STING OF THE HEAT BUG

by Jack Sheedy

Pub Date: Nov. 10th, 2012
ISBN: 978-1-935991-88-5
Publisher: Signalman Publishing

An elegiac reflection on growing up, deferring dreams, and understanding loss.

“You have to embellish when you tell a story,” Sheedy’s father advises him at the start of this debut memoir. The author’s story begins with vivid anecdotes about coming-of-age in a large, Catholic family in 1950s and ’60s Connecticut. The author had four siblings, but his relationship with his big sister, Peggy is the central one—it’s a tender, symbiotic connection and the lens through which he views his own history. Sheedy offers tightly focused vignettes, and their economy gives them punch and pace even without an overall narrative arc apart from chronology. Burnished memories of buzzing summers spent in swimming holes and strawberry patches set a sentimental tone, contrasted with the anguish of too-soon deaths and strokes of truly bad luck. But the author’s embellishments seem minimal in these stories, as his focus is more on instruction.
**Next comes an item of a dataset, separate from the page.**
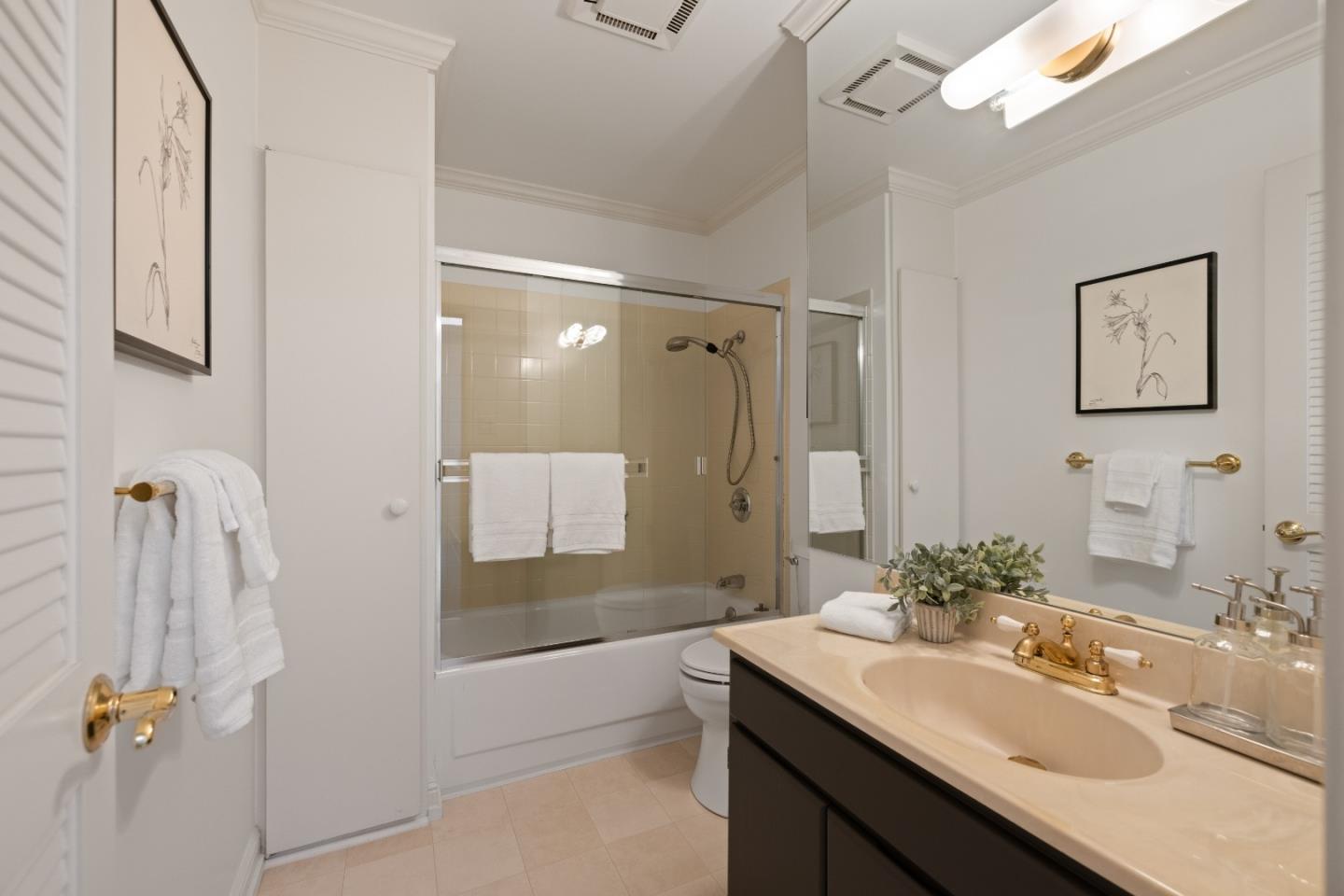 Detail Gallery Image 23 of 35 For 812 N Delaware St, San Mateo,  CA 94401 - 3 Beds | 2/1 Baths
For example, a deadly flood in 1955—massive enough to unseat the neighbor’s house from its foundation—offers a case study in the value of charity rather than a dramatic set piece. The tale of a father who could never quite get ahead in life isn’t presented as a tragedy but as a quiet example of a kind, flawed man doing his best. In the world of Sheedy’s memory, there’s no large-scale injustice: hardship occurs by chance, and redemption comes with honest striving toward goodness. When the author reaches college, his ambitions come into focus, but, like his father, he rarely gets the breaks he needs. He places gentle blame on himself, telling of how he remained satisfied with entry-level jobs and how he was apt to let romantic entanglements subvert career opportunities. But he also maintains a mature, sanguine perspective throughout this memoir, suggesting that he wouldn’t have had it any other way. At the end, the premature illness and decline of his sister Peggy, as they both approach middle-age, compels him to prepare for his greatest loss: “The stories of our lives are loosely plotted,” he writes her in a letter. “What if I could choose my endings?”

A carefully constructed remembrance that offers poignancy without sacrificing sincerity.